Mesajı Okuyun
Old 03-03-2016, 10:29   #2
Av. Engin EKİCİ

 
Varsayılan

Alıntı:
Yazan Av.Selim Balku
Değerli hukukçular,

Vekalet veren, alacak davası açmak için avukata yetki veriyor.

Avukat, karşı tarafın avukatını tanıyor ve dava açmadan onunla görüşüyor.

Nihayetinde alacağını dava açmadan tahsil ediyor.

Ancak bu tahsilatta borcun zamanaşımına uğrayan kısımları asıl alacaktan mahsup ediliyor.

Eş söylemle avukat dava açsaydı da aynı alacak tahsil edilecekti.

Vekalet veren, dava açmadan tahsil edilen parayı kabul etmiyor. Benim alacağım daha fazlaydı diyor... (aslında haklı ancak zamanaşımına uğramış)

Avukat müvekkil lehine en iyisi bu diye düşünerek o dönemde müvekkiline ulaşamadığı için onun namına tüm alacağı tahsil ettik diye ibraname de veriyor.

Aralarında hala yazılı bir ücret sözleşmesi de yok. Dava açmak içinde herhangi bir masraf ve ücret de verilmemiş...

Bu olayda avukatın hukuki ve cezai sorumluluğu nedir?

Vekalet veren hesap numarası da vermiyor. Parayı iade et diyor.
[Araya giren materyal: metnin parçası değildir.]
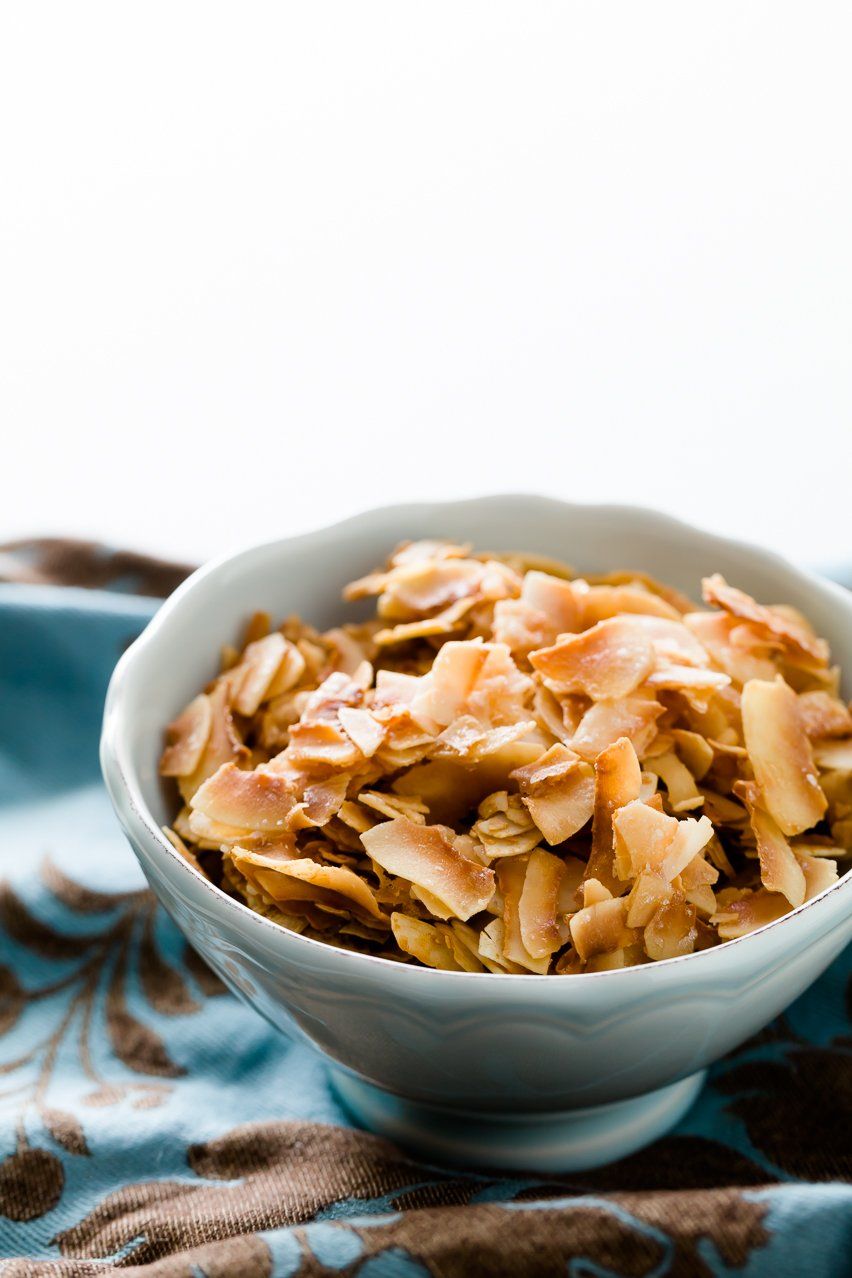 Chips de coco tostados de 10 minutos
Karşı taraf da anlaşmayı yaptık, dönemem diyor... O avukata ne tavsiye edersiniz?

Saygılar sunuyorum...
Sayın Av.Selim Balku;

Burada aklıma gelen ilk şey; zamanaşımının bir def'i olduğu ve müvekkilin, "dava açılmış olsa idi belki de karşı taraf zamanaşımı def'inde bulunmayacaktı" gibi bir yaklaşım sergilemesi ihtimali.

Olası bir ceza ya da tazminat davasında; dava açmadan önce zamanaşımına uğramış olan kısımla ilgili karşı tarafın "dava açılsa idi dahi biz bu şekilde hareket edecek ve zamanaşımı def'inde bulunacaktık" şeklindeki beyanıyla bu durum bertaraf edilebilir mi diye düşünmek gerekir.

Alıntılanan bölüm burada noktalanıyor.